Le président sénégalais, Abdoulaye Wade, a déclaré mercredi à l’AFP, au cours d’une brève visite à Bissau, qu’une dévaluation du franc CFA n’était « pas encore à l’ordre du jour » mais qu' »en soi » elle n’était « pas une mauvaise chose si elle est bien préparée ».
Cette déclaration survient alors que l’euro, monnaie de référence du franc CFA commun à quatorze pays africains, a récemment enregistré des records historiques face au yen et au dollar, largement due à l’embellie économique de la zone euro.
« La dévaluation (du FCFA) n’est pas encore à l’ordre du jour. Notre monnaie est couverte à 120%. C’est une monnaie assez solide. C’est peut être la monnaie la mieux couverte au monde », a dit M. Wade à l’issue de l’inauguration du siège à Bissau de la Banque centrale des Etats de l’Afrique de l’ouest (BCEAO).
Pour rappel, l »euro est monté vendredi jusqu’à 1,3682 dollar, son plus haut niveau jamais atteint depuis son premier jour de cotation en 1999.
« Il ne faut pas voir la dévaluation comme une mauvaise chose en soi. Quand la monnaie se détériore dans un pays, alors pour pousser l’exportation, on la dévalue. On peut aussi dévaluer parce que si la monnaie est très forte, on ne peut pas bien vendre, parfois on perd. C’est notre cas aujourd’hui », a ajouté, Abdoulaye Wade. Selon le président sénégalais, qui est notamment économiste de formation, « une dévaluation préparée est une excellente chose ».

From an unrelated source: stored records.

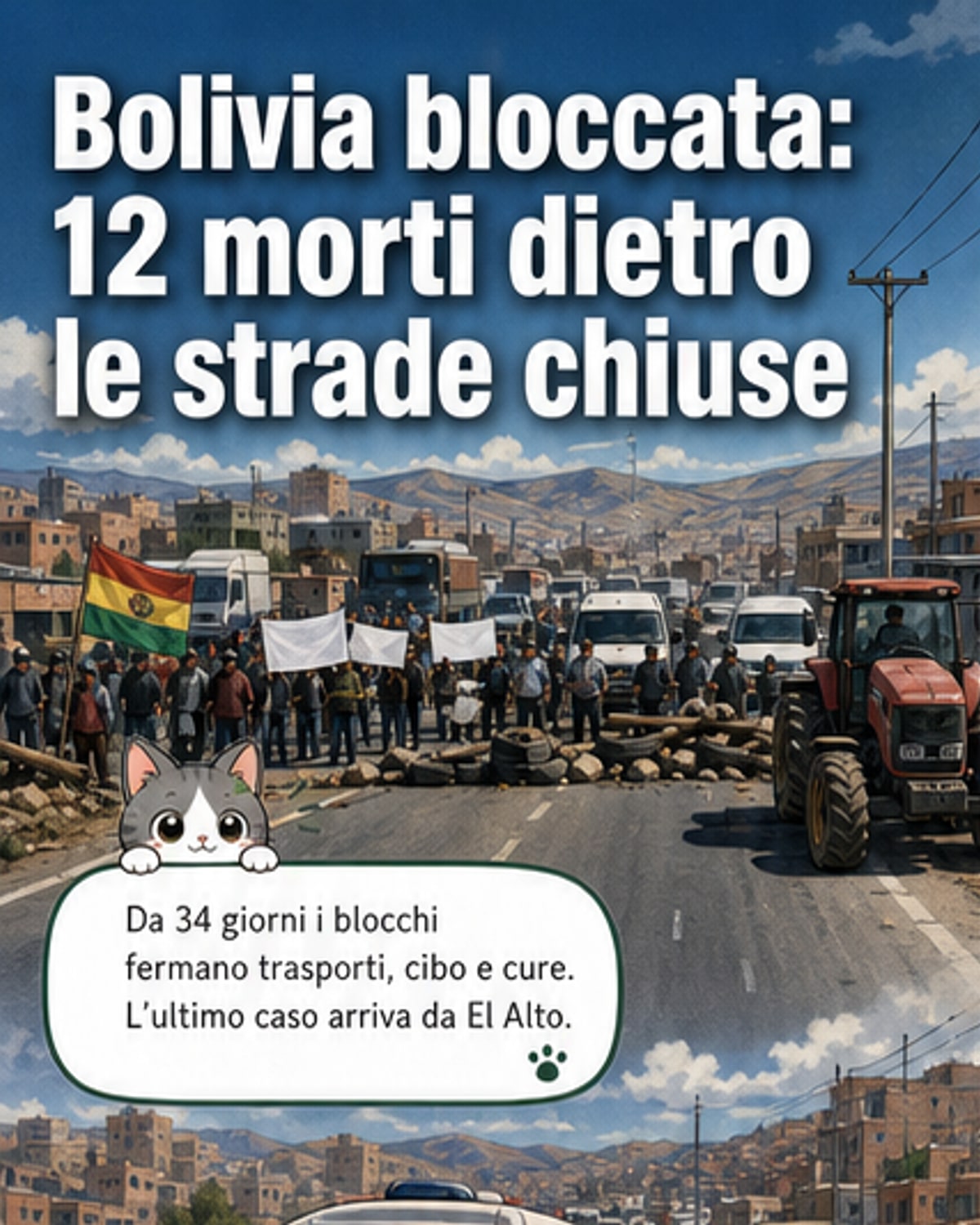 12 morti per blocchi stradali in Bolivia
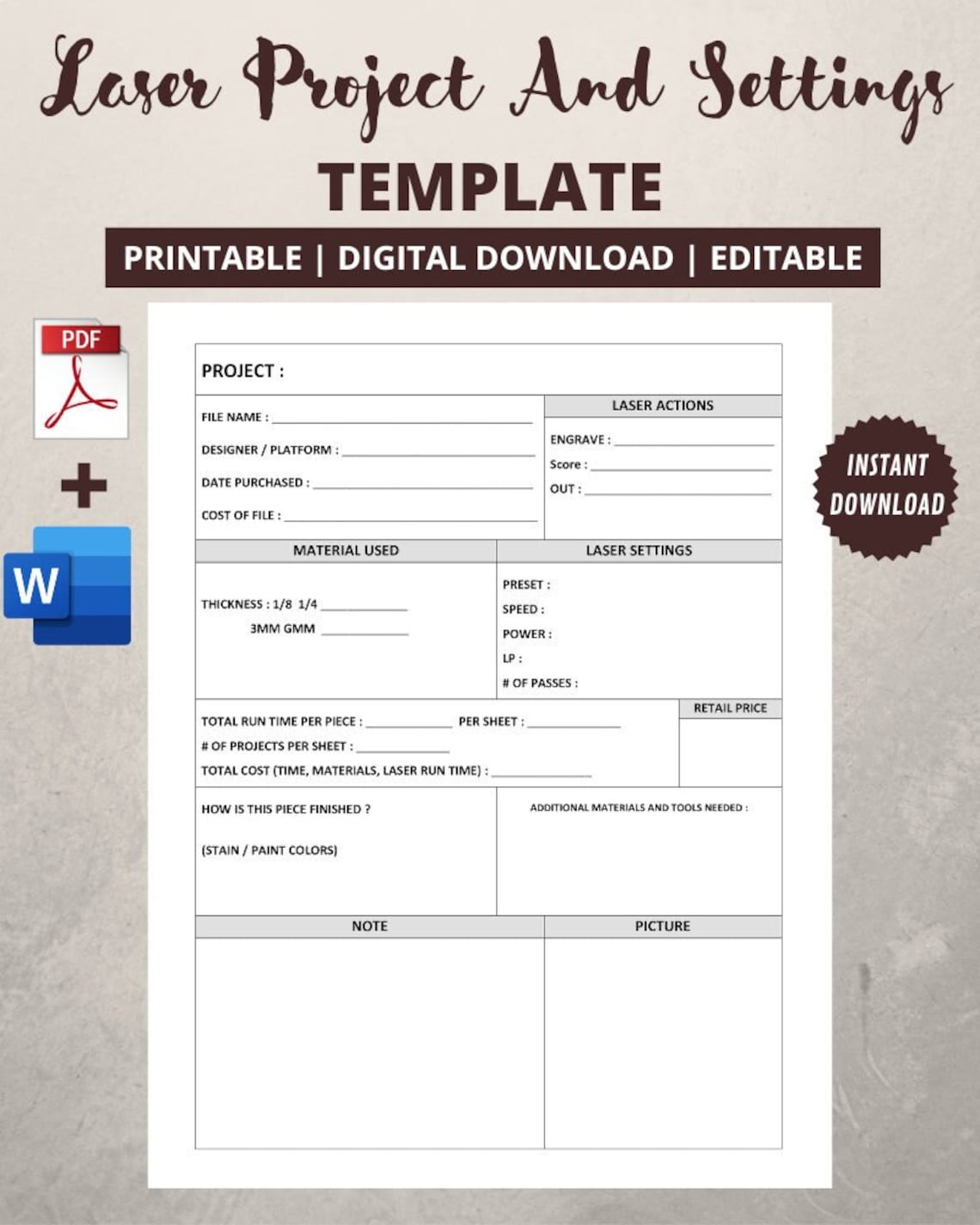 Laser Project and Settings Template - Etsy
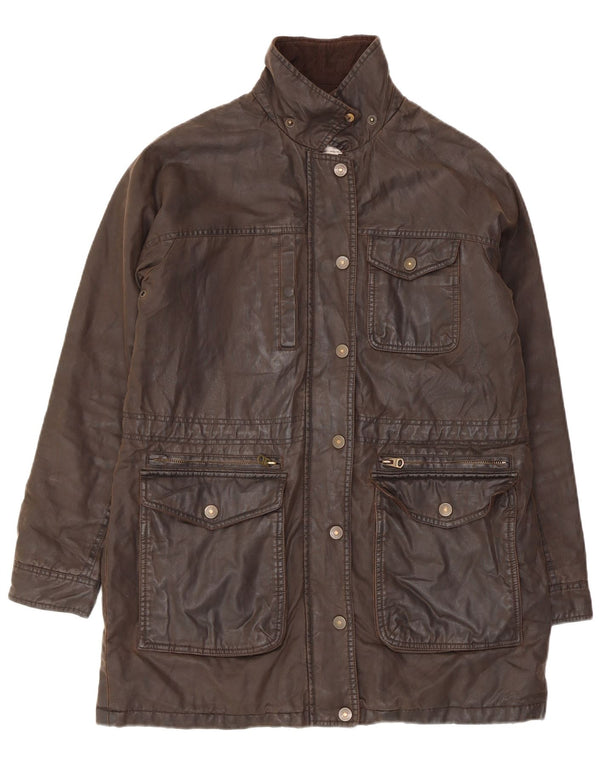 FAT FACE Jachetă supradimensionată pentru femei din bumbac cerat UK 10 Bumbac maro mic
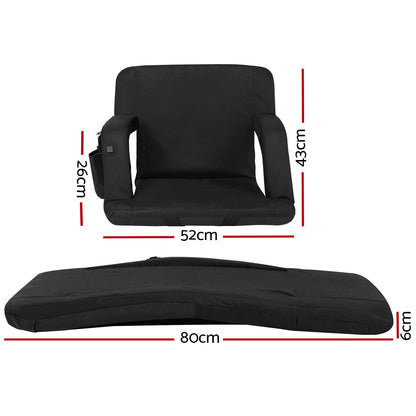 Artiss 2X Floor Lounge Sofa Bed With Armrest Heated Cushion FLOOR-ARM-0600D-BKX2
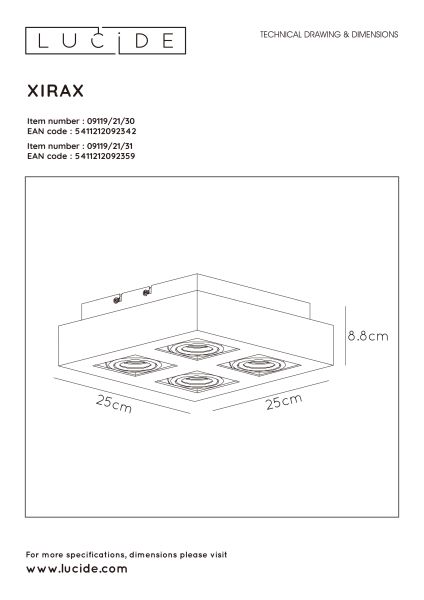 XIRAX - Plafondspot - LED Dim to warm - GU10 - 4x5W 2200K/3000K - Wit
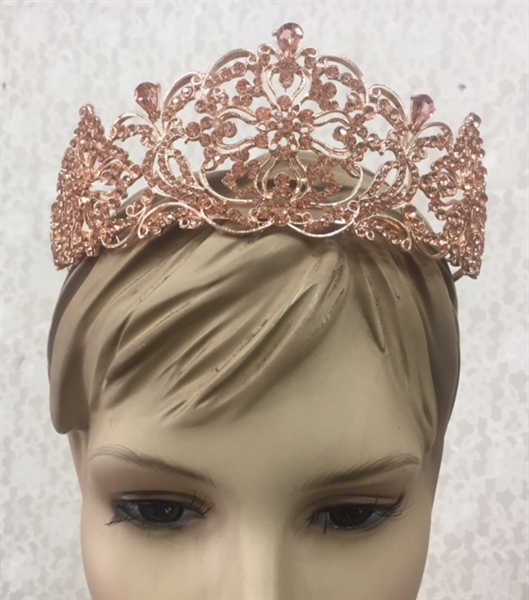 CWN-107-BRONZE-CRYSTAL. WHOLESALE CROWN, CLEAR CRYSTALS ON BRONZE METAL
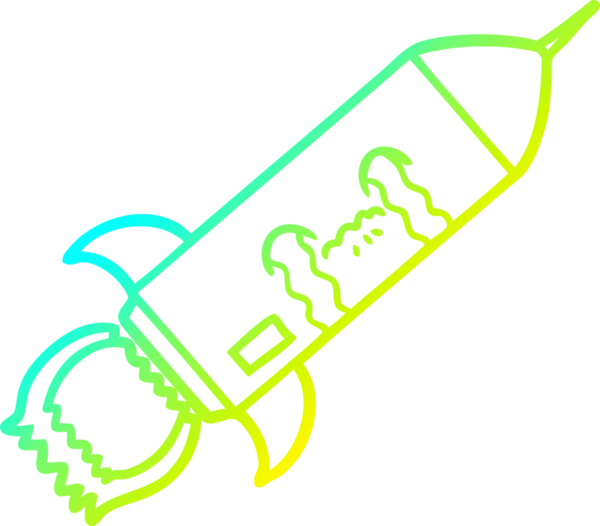 Bir insan tarafından çizilmiş ağlayan roketin soğuk gradyan çizgisi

Les quatorze pays africains ayant le franc CFA en commun forment la zone franc. Ce sont ceux de l’Union économique et monétaire ouest africaine (UEMOA), dont l’institut d’émission est la BCEAO, qui regroupe le Bénin, le Burkina, la Côte d’Ivoire, le Mali, le Niger, la Guinée-Bissau, le Togo et le Sénégal.

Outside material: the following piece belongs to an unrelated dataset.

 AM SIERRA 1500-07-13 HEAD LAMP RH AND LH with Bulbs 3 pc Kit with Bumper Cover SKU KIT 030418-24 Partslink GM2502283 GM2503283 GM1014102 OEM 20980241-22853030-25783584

A ces huit Etats, s’ajoutent six autres de la Banque des Etats d’Afrique centrale (BEAC) formant la Communauté économique et monétaire d’Afrique centrale (CEMAC): Cameroun, Congo, Gabon, Guinée-équatoriale, République centrafricaine et Tchad.
Cependant, selon Les Echos, les pays africains qui ont en commun le CFA répondent à des dynamiques économiques différentes. Les pays producteurs de matières premières facturées en dollars (café, coton, cacao) souffrent évidemment de la parité actuelle. Les exportateurs de bananes, Cameroun et Côte d’Ivoire traditionnellement, subissent la concurrence, sur les marchés européens, de la « banane dollar » importée d’Amérique centrale ou du Sud. Cela a conduit la Compagnie Fruitière à pousser les feux sur le Ghana, dont la monnaie n’est pas arrimée au CFA.

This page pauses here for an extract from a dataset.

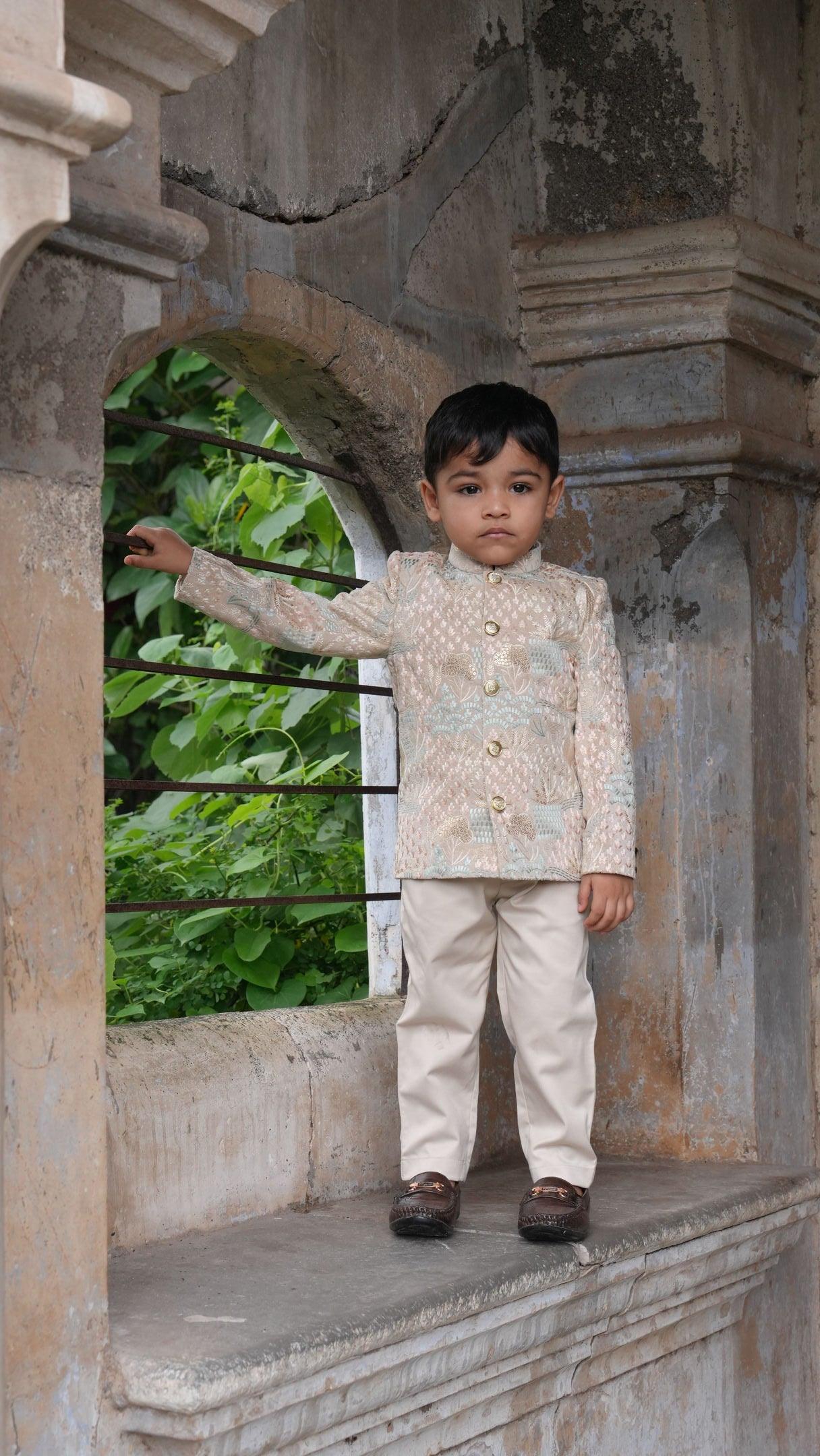 Deer Work Premium Velvet Jodhpuri Bandgala with Pants - Funny Bones Clothings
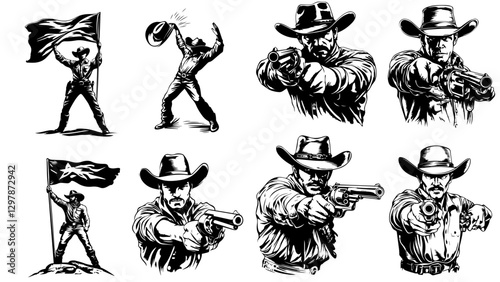 Cowboy Silhouette Bundle | Gunfight, Rodeo, and Rancher Poses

Certains estiment néanmoins que la hausse de l’euro a permis d’amortir, au cours des dernières années, la flambée de la facture pétrolière pour les pays importateurs d’énergie, notamment en Afrique de l’Ouest.
Certains, dont la Banque Africaine de Développement, avancent que la hausse des cours du brut depuis le début des années 2000 a quasiment effacé tout le bénéfice des annulations de dette dont ont bénéficié les pays les plus pauvres en Afrique. Les conséquences auraient été pires sans la hausse de l’euro.
Inversement, si on isolait le CFA pour les seuls pays de la Communauté économique et monétaire de l’Afrique centrale (Cemac), dont la plupart sont des exportateurs pétroliers, une réévaluation pourrait se justifier amplement.
Pour rappel, la parité FCFA/euro, héritée de l’indexation sur le franc français, garantit la convertibilité du CFA dans toutes les monnaies étrangères. La dernière dévaluation du Franc CFA, de 50%, alors qu’elle était rattachée au franc français, remonte à 1994.